Ship to shore: Meeting Gulf Craft’s Quality Control Manager Patricia Caswell

Ship to shore: Meeting Gulf Craft’s Quality Control Manager Patricia Caswell

By Georgia Tindale 

In our latest ‘ship to shore’ interview, Yotspot catches up with Patricia Caswell, a former yacht captain, who is now Quality Control Manager for the UAE-based shipyard Gulf Craft. Patricia speaks candidly from experience about the highs and lows of life at sea, how to successfully navigate the transition to dry land, and what it really takes to get ahead in this unusual and ever-changing industry. 

First, give us the potted history. How did you end up in yachting? 

Like many people in the industry, I fell into it! I had finished high school and was visiting my mom in the Whitsunday Islands in Australia. She sent me out on an old Maxi racing yacht for a day trip, just to go sailing and experience the area. While I was on board, I just completely fell in love with it all, so I applied for a job and started the very next day. I started off as a stewardess for a few weeks and then thought, ‘this isn’t for me’, so I moved out on deck, and the rest is history! 


How was your first role as Captain? 

It was on board an old America’s Cup challenger from Australia called Southern Cross. She is a beautiful boat, but it was quite a challenging experience for my first role because there were only two crew onboard and 14 guests, so your hands are extremely full! You are learning to look after the safety of the guests while you are also sailing the vessel – so it was definitely a baptism by fire.

What are the main lessons you have learned from being a Captain?

The biggest lesson I have learned is the need to be compassionate towards everyone on board. Everybody is spending a lot of time away from their families and friends, and that is hard work. Everyone looks at it with these big rose-tinted lenses from the outside, but it can be really tough for people. Learning to be compassionate, not the hard-nosed sailor you were brought up to be, that was a really important lesson. 

Since 2020, you have been Quality Control (QC) Manager at Gulf Craft, which is a fully shoreside role.
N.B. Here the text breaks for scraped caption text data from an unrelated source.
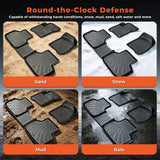 3Pcs Car Floor Mats Liner Front and Rear TPE Black Replacement for Journey 2011-2020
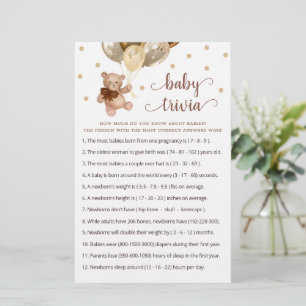Baby Trivia Game Baby Shower Teddy Bear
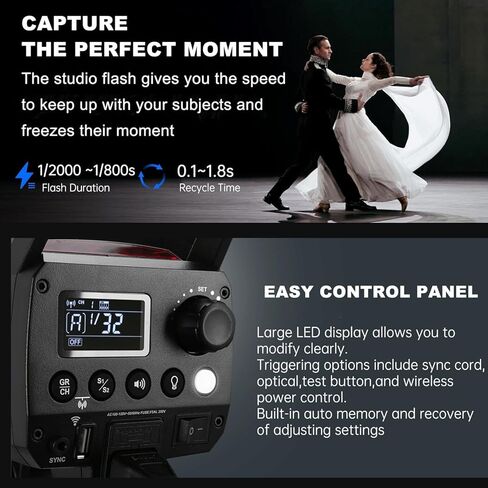 طقم فلاش Godox MS300 Studio Flash لإضاءة التصوير الفوتوغرافي، 600 واط احترافي بوينز ماونت ستروب فلاش أحادي مع سوفت بوكس، مشغل، حامل، مظلات، عاكسات لتصوير صورة المنتج in Kuwait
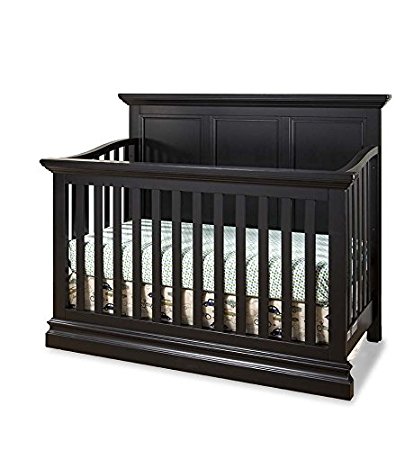 Westwood Design Pine Ridge 4 in 1 Panel Convertible Crib, Black
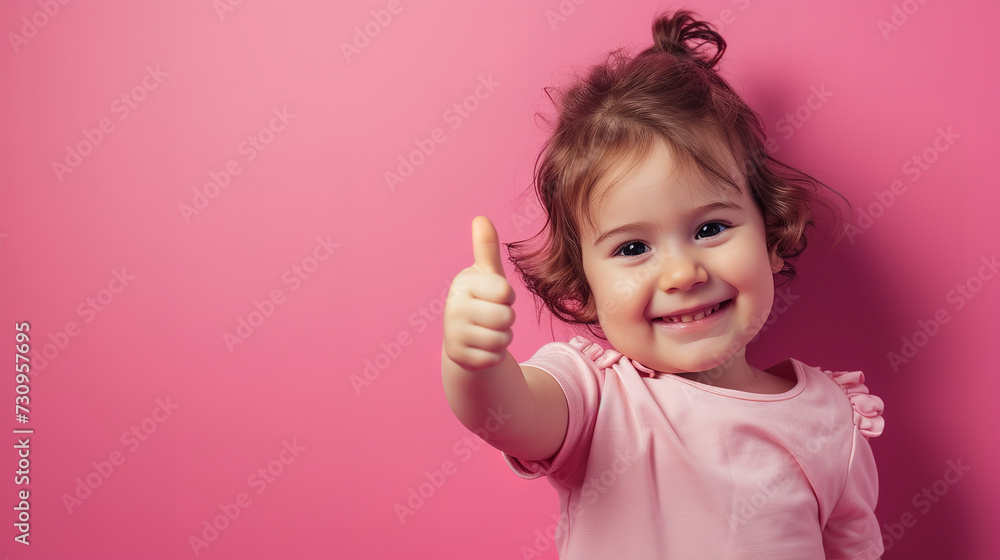 A happy toddler exudes positivity with a playful thumbs-up gesture, complemented by a cheerful pink hue A happy toddler exudes positivity with a playful thumbs-up gesture, complemented by a cheerful pink hue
What does this entail and how was the transition for you? 

It was actually a very natural transition, as I had recently gotten married and received my first utility bill – I started to understand what it was like being shoreside. I was thinking, ‘Oh this is kind of nice, I can actually go home at the end of the day.’ In terms of what I do in my job, the quality department is involved in so many different steps of a yacht’s journey, from start to finish. 
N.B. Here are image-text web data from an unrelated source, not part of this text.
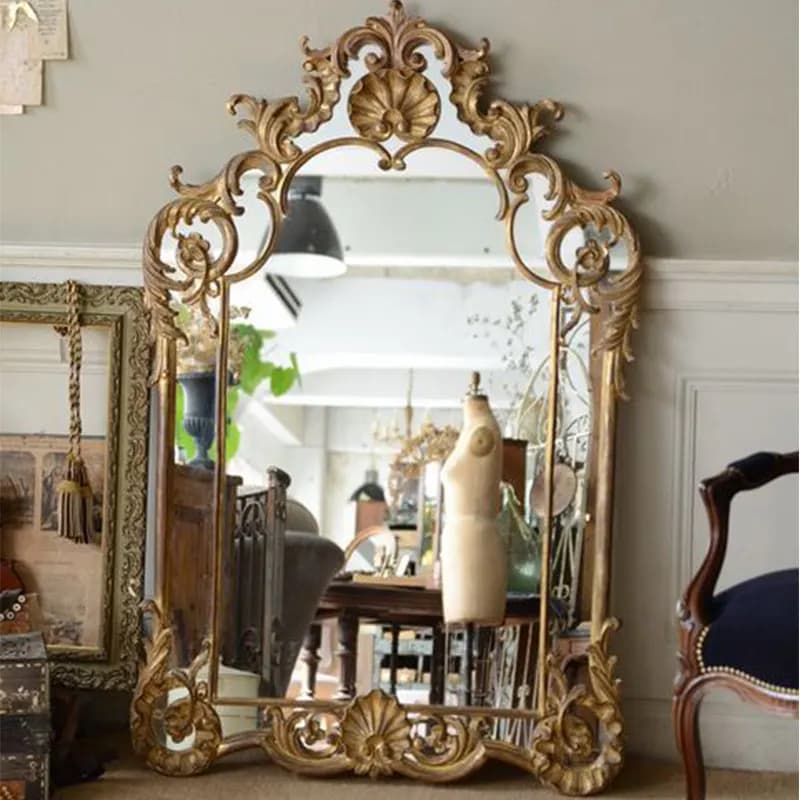French retro special-shaped wall-mounted decorative mirror, entrance wall-mounted fireplace mirror, European desktop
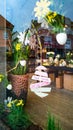 Window of closed interior decor store on Easter.Words in German Frohe Ostern meaning Happy Easter on wooden egg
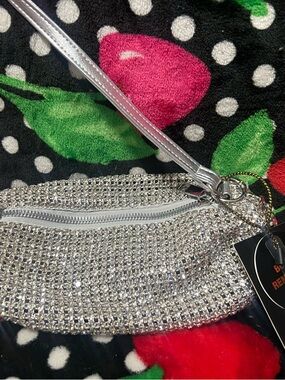 Silver Crystal Rhinestone Wristlet Clutch - Unbranded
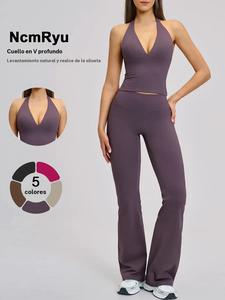 Conjunto deportivo de dos piezas para mujer: top halter con cuello en V y pantalones acampanados de cintura alta, tejido elástico transpirable, ajuste 3D, efecto adelgazante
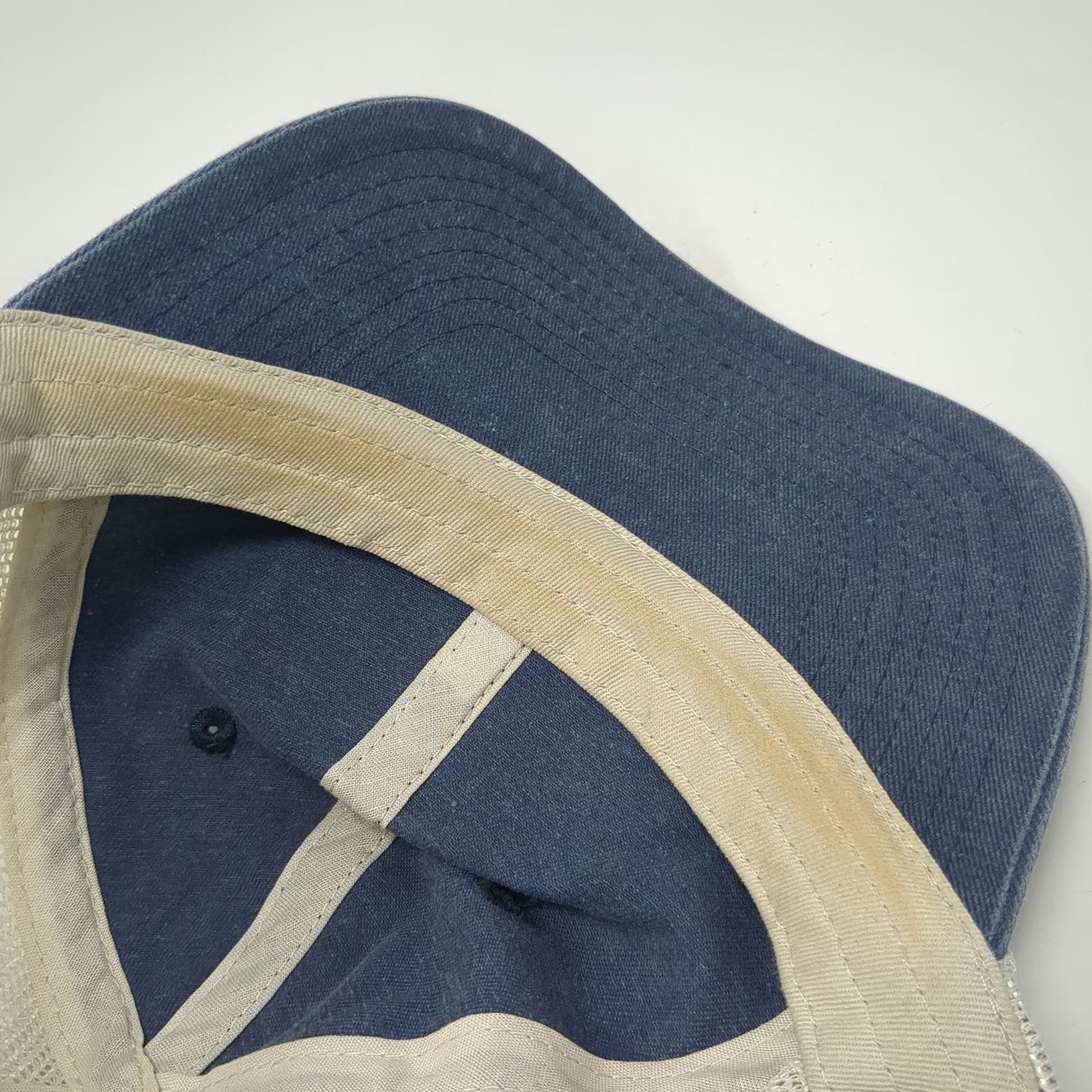 Sportsman Trucker Hat Blue White One Size Leather Patch Mesh St John USVI Bar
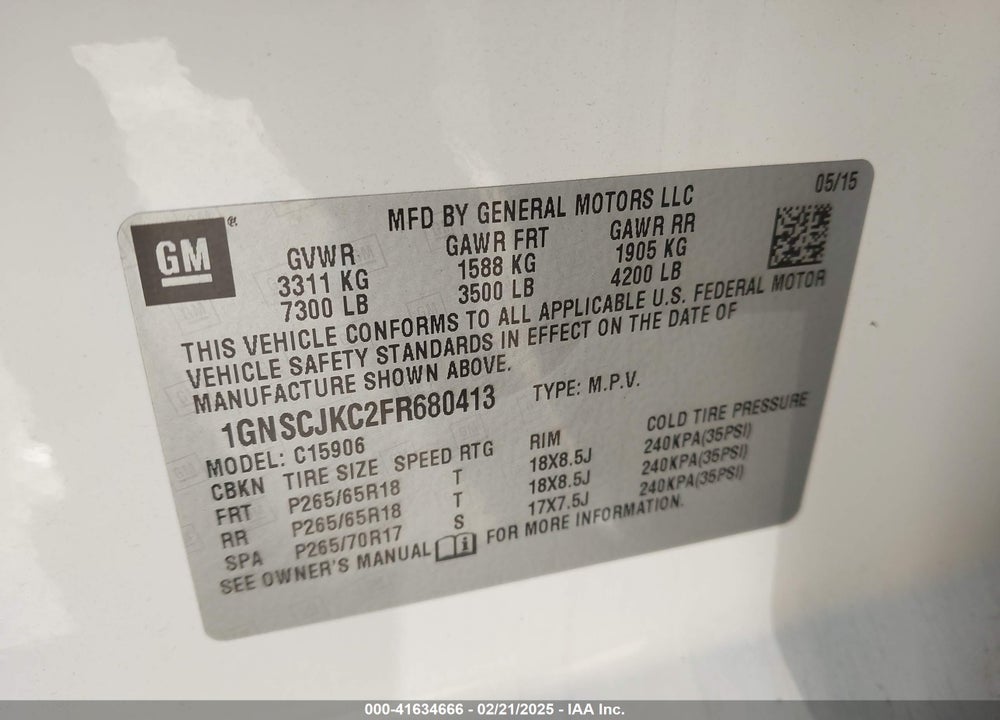 2015 CHEVROLET SUBURBAN 1500 LT VIN: 1GNSCJKC2FR680413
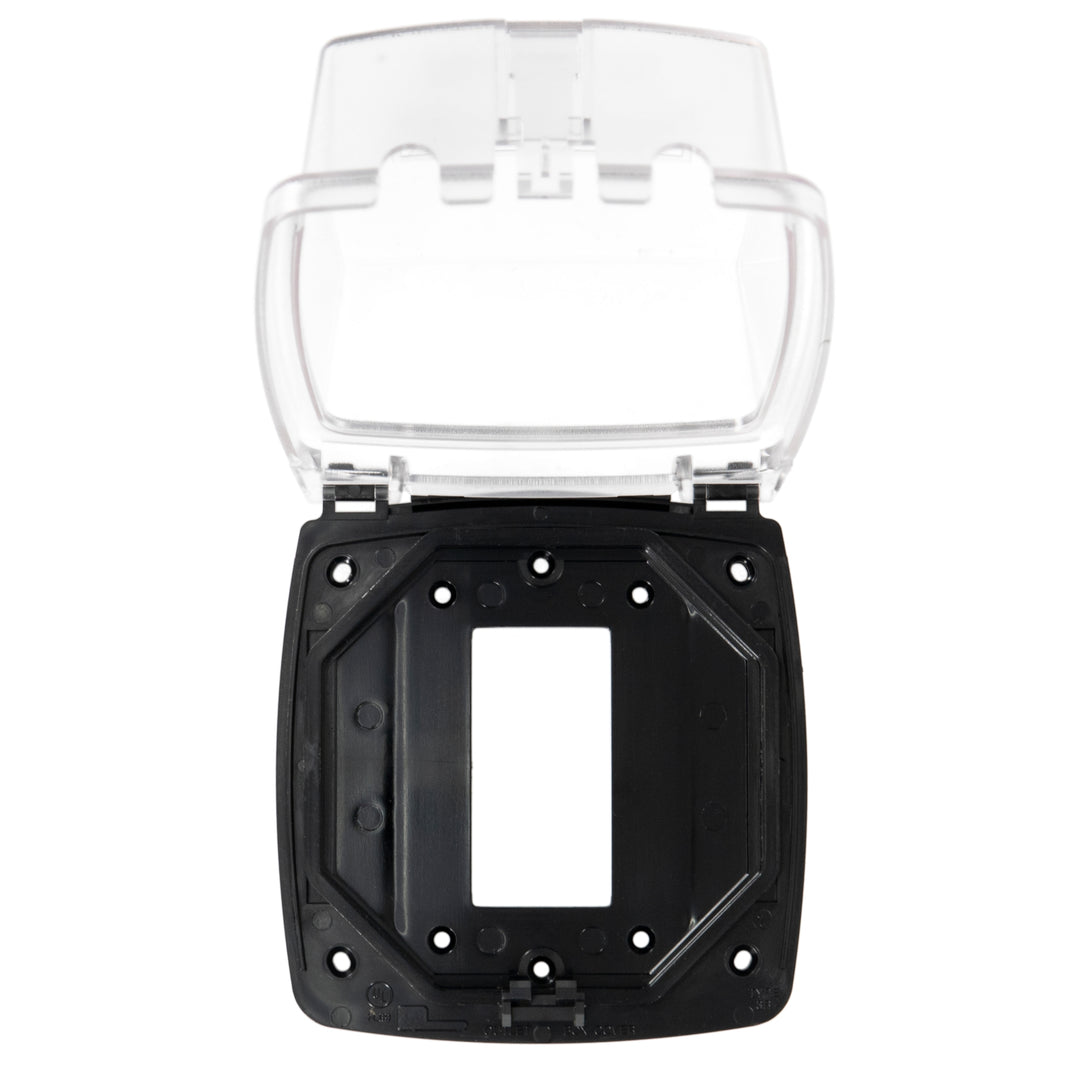 Plastic In-Use Weatherproof Cover, Vertical Mount, Double-Gang, GFCI & Duplex Single-Gang Horizontal or Vertical applications, 2.25" Clear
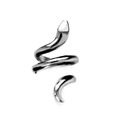 Vintage silver snake-shaped wrap ring with minimalist triple-layer coiled design - Adjustable Open / Style 19 (Minimalist Triple Silver Snake)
For example, if the design and engineering team want to put a product into a boat – a variety of paint, a piece of equipment, even down to a different type of pipe – the QC team will do a lot of the in-house testing for it to ensure its safety. During a build, we will be evaluating everything and asking, ‘is everything installed and commissioned correctly?’ We will literally have our hands and eyes on every stage of the build, right up until handover and delivery – so there is plenty to do!

Do you need a yachting background to work in QC?
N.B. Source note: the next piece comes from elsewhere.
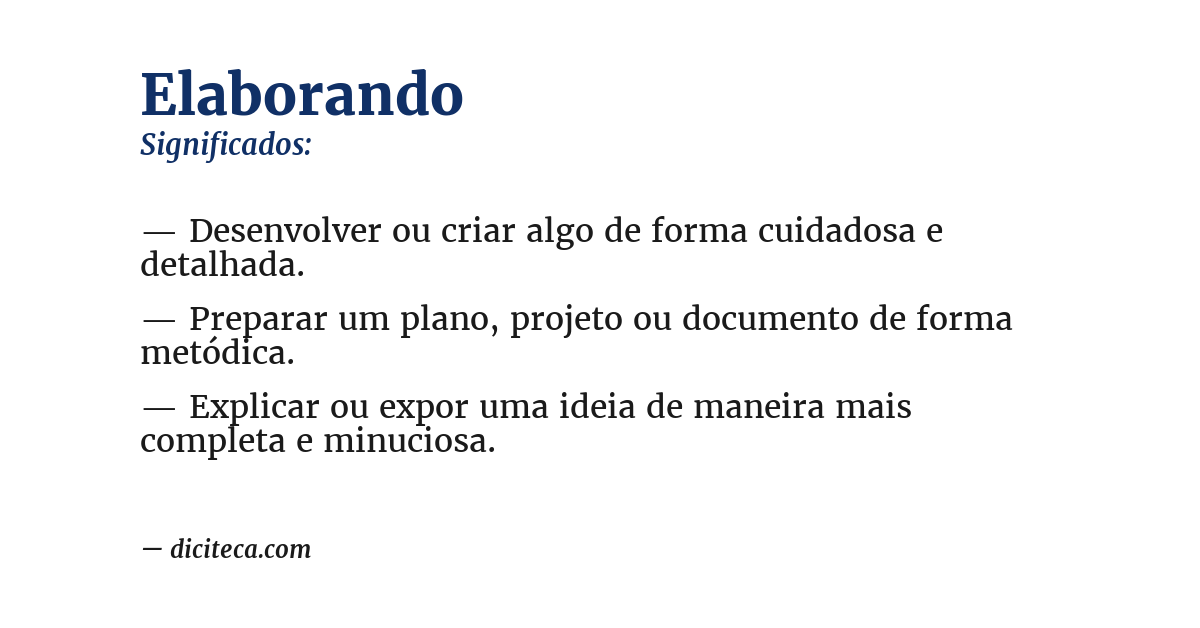 Significado de elaborando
There are so many different positions within QC that I don’t think you do. I work with a chemical engineer who doesn’t have boating experience, but he does know how to test and work with the chemicals we are using every day in lamination, bonding all matters of procedures.

We also have another employee who was a car mechanic, but now has earned his captain’s license up to 24 metres and does sea trials with me. There are so many levels within QC which need different modes of experience that you don’t need to have come from yachting operations – although a portion of that is definitely needed on the team. 

Career highlights working in QC so far?

Definitely working on Gulf Craft’s Majesty 175, especially doing her first sea trials. This is the world’s largest composite production yacht – 54 metres and 780 GT – and so there were no class rules written for it! Nothing like this had been done before, so Gulf Craft was literally testing and writing rules with Class on fire integrity, stability and so on. There are always a lot of naysayers in the industry, so to be able to develop her and be able to go out and run successful performance tests like we did – it just blew it all out of the water! 

Would you recommend the yachting industry to those outside of it? 

Yes, 100%! Yachting has been very good to me, and I am truly thankful for it. I don’t think I’ll ever be far away from it, even though I am now working shoreside. Many of my friends’ teenagers, are asking me about it all the time, and I always recommend it to them. Yachting offers an amazing opportunity for you to see the world, gain varied skills and experience so many different lifestyles for yourself.